**What to work on:** Your task is to transcribe the entries exactly.

Stored data entries:
=-=-=-=-=

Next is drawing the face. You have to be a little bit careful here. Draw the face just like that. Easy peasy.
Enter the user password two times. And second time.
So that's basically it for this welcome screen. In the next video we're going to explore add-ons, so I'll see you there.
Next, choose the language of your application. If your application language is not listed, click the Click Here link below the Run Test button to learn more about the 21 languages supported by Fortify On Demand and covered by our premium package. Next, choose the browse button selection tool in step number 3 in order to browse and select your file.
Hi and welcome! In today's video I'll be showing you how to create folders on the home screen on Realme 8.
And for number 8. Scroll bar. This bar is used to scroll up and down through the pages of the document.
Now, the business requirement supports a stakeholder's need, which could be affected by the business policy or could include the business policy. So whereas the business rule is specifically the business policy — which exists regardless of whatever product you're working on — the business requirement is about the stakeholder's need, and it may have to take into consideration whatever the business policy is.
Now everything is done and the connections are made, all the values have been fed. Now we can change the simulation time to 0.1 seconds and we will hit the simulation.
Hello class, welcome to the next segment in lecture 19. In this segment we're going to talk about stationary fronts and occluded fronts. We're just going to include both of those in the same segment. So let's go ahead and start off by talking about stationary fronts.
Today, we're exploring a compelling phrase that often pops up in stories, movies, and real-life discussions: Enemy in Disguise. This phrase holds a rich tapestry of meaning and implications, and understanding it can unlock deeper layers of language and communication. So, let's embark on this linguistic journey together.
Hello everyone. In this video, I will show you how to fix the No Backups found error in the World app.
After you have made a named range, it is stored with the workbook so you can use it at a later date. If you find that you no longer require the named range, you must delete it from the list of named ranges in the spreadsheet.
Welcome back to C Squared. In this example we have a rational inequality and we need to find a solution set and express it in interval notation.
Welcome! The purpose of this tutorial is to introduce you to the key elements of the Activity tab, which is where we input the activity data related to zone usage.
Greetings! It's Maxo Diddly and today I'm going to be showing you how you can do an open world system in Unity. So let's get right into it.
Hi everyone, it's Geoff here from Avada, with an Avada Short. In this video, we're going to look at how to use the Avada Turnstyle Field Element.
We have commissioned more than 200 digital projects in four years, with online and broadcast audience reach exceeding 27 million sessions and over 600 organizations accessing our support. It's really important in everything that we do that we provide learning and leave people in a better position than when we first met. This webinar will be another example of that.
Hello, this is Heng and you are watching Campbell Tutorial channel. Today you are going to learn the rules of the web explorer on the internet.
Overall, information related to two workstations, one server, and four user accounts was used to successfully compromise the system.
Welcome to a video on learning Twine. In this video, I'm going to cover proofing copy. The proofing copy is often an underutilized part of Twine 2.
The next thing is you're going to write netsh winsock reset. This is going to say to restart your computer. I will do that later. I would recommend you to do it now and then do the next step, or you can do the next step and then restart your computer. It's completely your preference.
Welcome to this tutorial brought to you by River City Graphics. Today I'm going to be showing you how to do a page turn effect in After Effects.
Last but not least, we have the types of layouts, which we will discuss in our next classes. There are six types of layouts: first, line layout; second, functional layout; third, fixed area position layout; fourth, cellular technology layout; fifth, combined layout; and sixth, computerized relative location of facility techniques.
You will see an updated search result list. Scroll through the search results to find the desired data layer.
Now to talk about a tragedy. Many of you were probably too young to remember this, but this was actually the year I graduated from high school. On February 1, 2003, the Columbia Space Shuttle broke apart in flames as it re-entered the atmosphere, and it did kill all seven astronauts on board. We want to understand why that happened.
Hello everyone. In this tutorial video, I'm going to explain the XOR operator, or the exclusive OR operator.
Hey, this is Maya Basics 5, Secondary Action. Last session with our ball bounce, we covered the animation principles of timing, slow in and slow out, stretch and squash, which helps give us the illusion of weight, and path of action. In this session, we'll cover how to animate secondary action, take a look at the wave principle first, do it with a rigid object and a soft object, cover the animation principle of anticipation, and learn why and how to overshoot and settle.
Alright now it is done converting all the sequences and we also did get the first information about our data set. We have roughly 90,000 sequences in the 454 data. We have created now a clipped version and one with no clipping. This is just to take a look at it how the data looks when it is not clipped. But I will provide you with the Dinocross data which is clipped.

=-=-=-=-=

**Written reply:**
Next is drawing the face. You have to be a little bit careful here. Draw the face just like that. Easy peasy.
Enter the user password two times. And second time.
So that's basically it for this welcome screen. In the next video we're going to explore add-ons, so I'll see you there.
Next, choose the language of your application. If your application language is not listed, click the Click Here link below the Run Test button to learn more about the 21 languages supported by Fortify On Demand and covered by our premium package. Next, choose the browse button selection tool in step number 3 in order to browse and select your file.
Hi and welcome! In today's video I'll be showing you how to create folders on the home screen on Realme 8.
And for number 8. Scroll bar. This bar is used to scroll up and down through the pages of the document.
Now, the business requirement supports a stakeholder's need, which could be affected by the business policy or could include the business policy. So whereas the business rule is specifically the business policy — which exists regardless of whatever product you're working on — the business requirement is about the stakeholder's need, and it may have to take into consideration whatever the business policy is.
Now everything is done and the connections are made, all the values have been fed. Now we can change the simulation time to 0.1 seconds and we will hit the simulation.
Hello class, welcome to the next segment in lecture 19. In this segment we're going to talk about stationary fronts and occluded fronts. We're just going to include both of those in the same segment. So let's go ahead and start off by talking about stationary fronts.
Today, we're exploring a compelling phrase that often pops up in stories, movies, and real-life discussions: Enemy in Disguise. This phrase holds a rich tapestry of meaning and implications, and understanding it can unlock deeper layers of language and communication. So, let's embark on this linguistic journey together.
Hello everyone. In this video, I will show you how to fix the No Backups found error in the World app.
After you have made a named range, it is stored with the workbook so you can use it at a later date. If you find that you no longer require the named range, you must delete it from the list of named ranges in the spreadsheet.
Welcome back to C Squared. In this example we have a rational inequality and we need to find a solution set and express it in interval notation.
Welcome! The purpose of this tutorial is to introduce you to the key elements of the Activity tab, which is where we input the activity data related to zone usage.
Greetings! It's Maxo Diddly and today I'm going to be showing you how you can do an open world system in Unity. So let's get right into it.
Hi everyone, it's Geoff here from Avada, with an Avada Short. In this video, we're going to look at how to use the Avada Turnstyle Field Element.
We have commissioned more than 200 digital projects in four years, with online and broadcast audience reach exceeding 27 million sessions and over 600 organizations accessing our support. It's really important in everything that we do that we provide learning and leave people in a better position than when we first met. This webinar will be another example of that.
Hello, this is Heng and you are watching Campbell Tutorial channel. Today you are going to learn the rules of the web explorer on the internet.
Overall, information related to two workstations, one server, and four user accounts was used to successfully compromise the system.
Welcome to a video on learning Twine. In this video, I'm going to cover proofing copy. The proofing copy is often an underutilized part of Twine 2.
The next thing is you're going to write netsh winsock reset. This is going to say to restart your computer. I will do that later. I would recommend you to do it now and then do the next step, or you can do the next step and then restart your computer. It's completely your preference.
Welcome to this tutorial brought to you by River City Graphics. Today I'm going to be showing you how to do a page turn effect in After Effects.
Last but not least, we have the types of layouts, which we will discuss in our next classes. There are six types of layouts: first, line layout; second, functional layout; third, fixed area position layout; fourth, cellular technology layout; fifth, combined layout; and sixth, computerized relative location of facility techniques.
You will see an updated search result list. Scroll through the search results to find the desired data layer.
Now to talk about a tragedy. Many of you were probably too young to remember this, but this was actually the year I graduated from high school. On February 1, 2003, the Columbia Space Shuttle broke apart in flames as it re-entered the atmosphere, and it did kill all seven astronauts on board. We want to understand why that happened.
Hello everyone. In this tutorial video, I'm going to explain the XOR operator, or the exclusive OR operator.
Hey, this is Maya Basics 5, Secondary Action. Last session with our ball bounce, we covered the animation principles of timing, slow in and slow out, stretch and squash, which helps give us the illusion of weight, and path of action. In this session, we'll cover how to animate secondary action, take a look at the wave principle first, do it with a rigid object and a soft object, cover the animation principle of anticipation, and learn why and how to overshoot and settle.
Alright now it is done converting all the sequences and we also did get the first information about our data set. We have roughly 90,000 sequences in the 454 data. We have created now a clipped version and one with no clipping. This is just to take a look at it how the data looks when it is not clipped. But I will provide you with the Dinocross data which is clipped.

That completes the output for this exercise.